Ye sebelumnya mengajukan izin perjalanan elektronik untuk masuk ke Inggris. Namun, permohonan tersebut ditolak pemerintah dengan alasan kehadirannya tidak “kondusif bagi kepentingan publik.”
Perdana Menteri Inggris Keir Starmer menegaskan bahwa keputusan tersebut diambil sebagai bentuk komitmen melawan antisemitisme.
“Pemerintah ini berdiri teguh bersama komunitas Yahudi dan tidak akan berhenti melawan racun antisemitisme,” ujarnya melalui media sosial.
Sejak diumumkan sebagai headliner, penyelenggara festival mendapat tekanan besar dari sponsor dan politisi untuk membatalkan penampilan Ye. Rapper tersebut menuai kecaman luas setelah melontarkan komentar antisemit dan bahkan menyatakan kekaguman terhadap tokoh Nazi, Adolf Hitler.
Tahun lalu, Ye juga merilis lagu berjudul Heil Hitler serta mempromosikan kaus bergambar swastika di situsnya. Pemerintah Australia bahkan sempat membatalkan visa sang musisi setelah perilisan lagu tersebut.
Permintaan Maaf dan Upaya Klarifikasi
Pada Januari lalu, Ye menyampaikan permintaan maaf melalui surat yang dimuat sebagai iklan satu halaman penuh di The Wall Street Journal. Ia mengaku gangguan bipolar yang dialaminya memicu episode perilaku impulsif dan paranoid selama beberapa bulan.
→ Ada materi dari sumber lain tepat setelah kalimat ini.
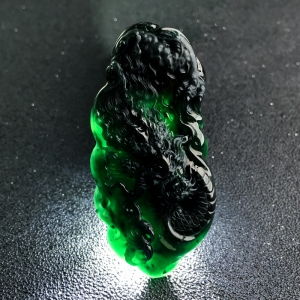 糯冰种墨翠飞龙在天吊坠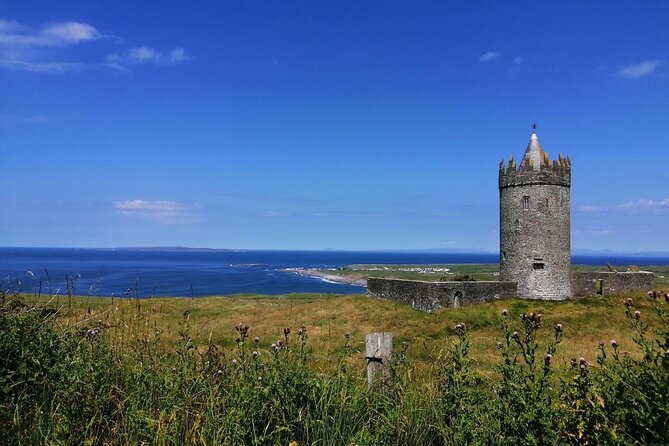 Cliffs of Moher & Bunratty Castle Day Tour - What the guide adds to the experience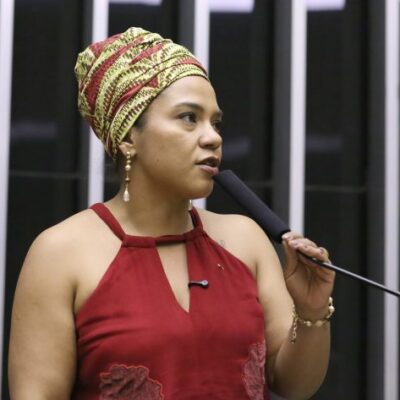 Projeto que amplia isenção do IR para salários até R$ 5 mil domina discursos na Câmara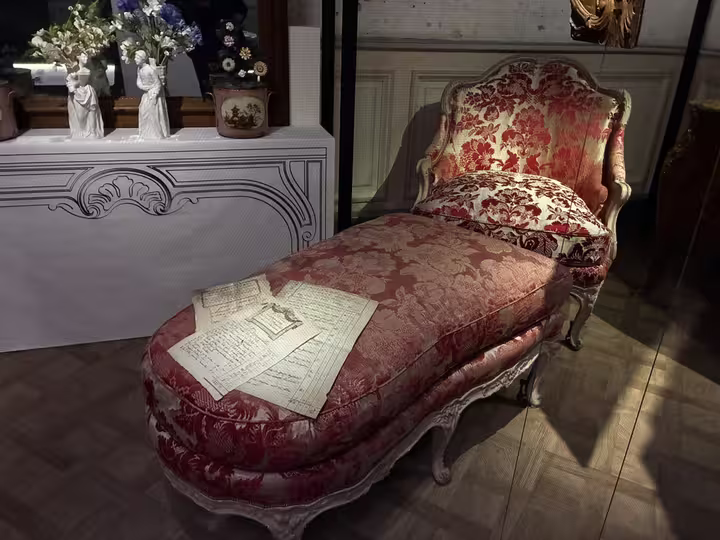 Chaise longue et mobilier du XVIIIe siècle dans l’exposition du MAD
Selain itu, Ye juga menyatakan keinginannya untuk bertemu langsung dengan komunitas Yahudi di Inggris guna mendengarkan dan berdialog.
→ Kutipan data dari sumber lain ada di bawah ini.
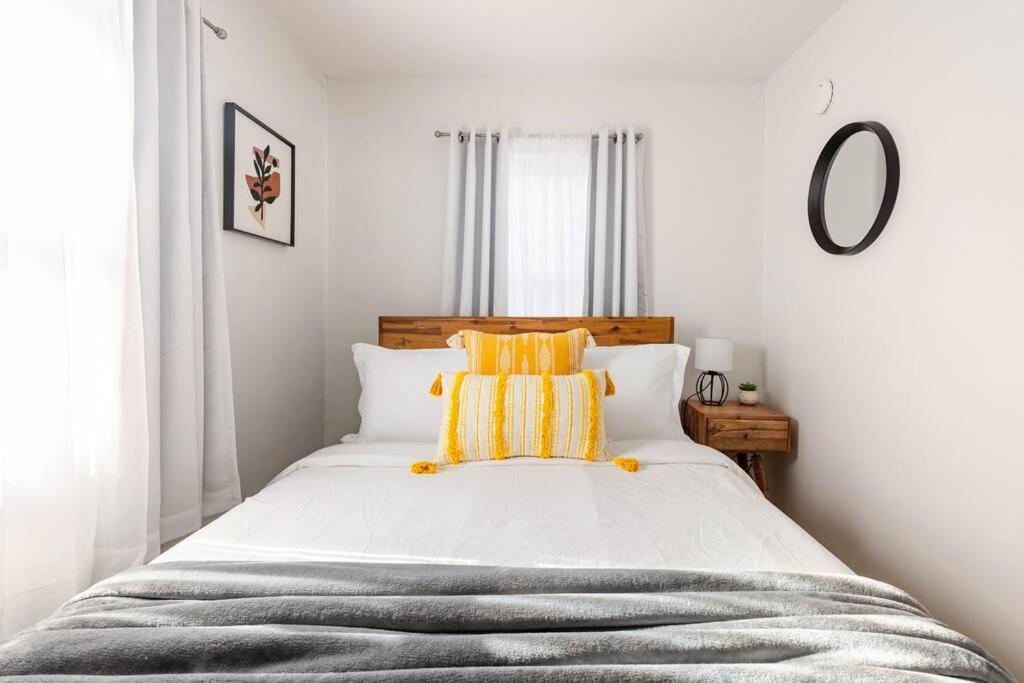 Two-Bedroom House photo 1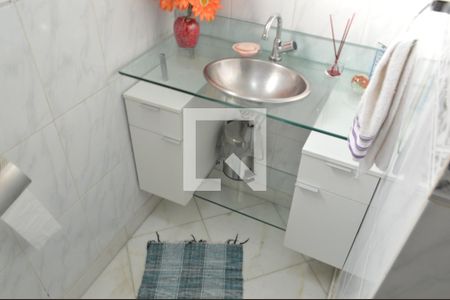 Casa de condomínio à venda com 150m², 3 quartos e 4 vagasLavabo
“Saya tahu kata-kata tidak cukup—saya harus menunjukkan perubahan melalui tindakan,” ujarnya.
Presiden Board of Deputies of British Jews, Phil Rosenberg, menyatakan pihaknya terbuka untuk bertemu Ye, asalkan ia menunjukkan penyesalan yang tulus sebelum tampil di panggung besar.
Sejumlah sponsor besar seperti Pepsi, Rockstar Energy, dan Diageo memilih mundur setelah Ye diumumkan sebagai penampil utama.
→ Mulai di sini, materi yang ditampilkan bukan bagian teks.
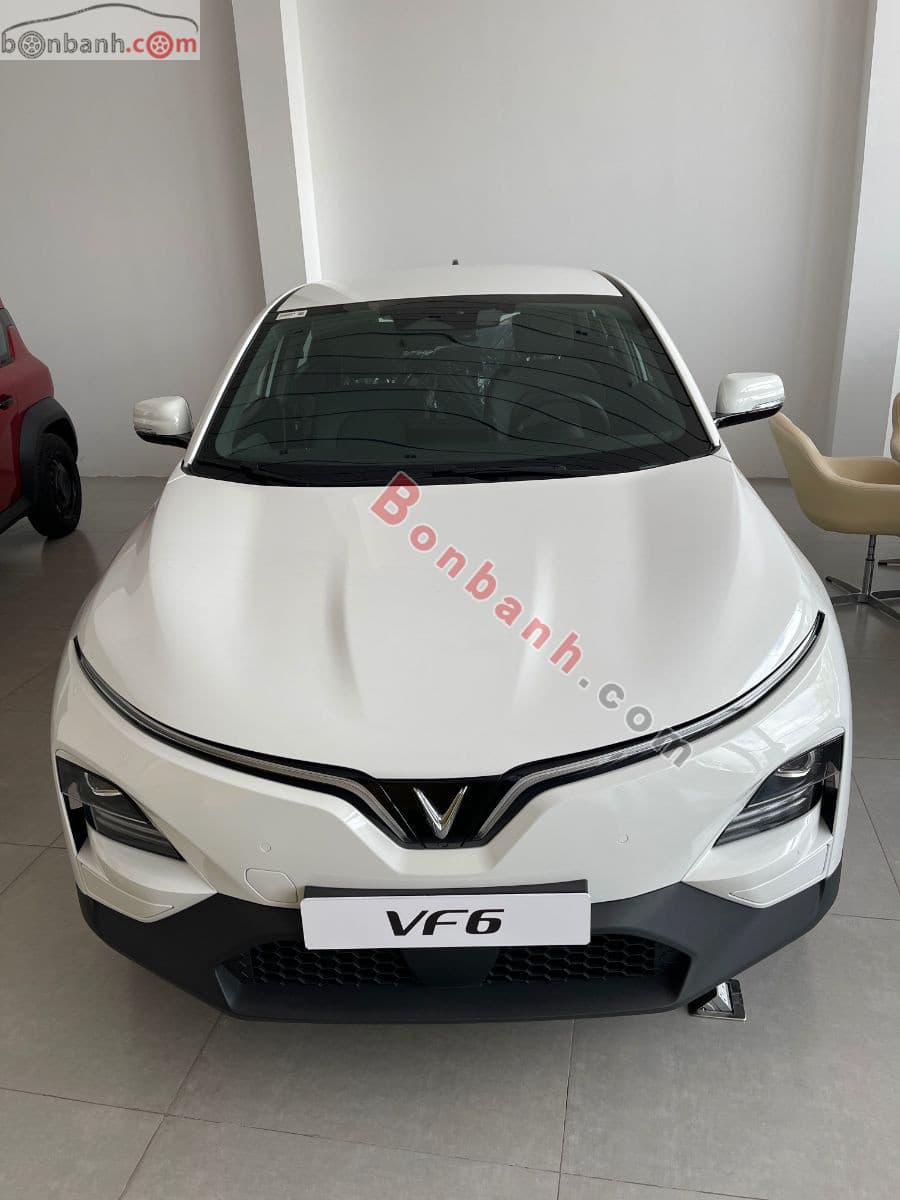 2025 VinFast VF6 Eco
Meski demikian, Festival Republic sempat membela keputusan mereka. Direktur pelaksana Melvin Benn sebelumnya mengajak publik untuk memberi kesempatan dan harapan bagi sang musisi.
Namun pada akhirnya, tekanan publik dan keputusan pemerintah membuat rencana tersebut batal total.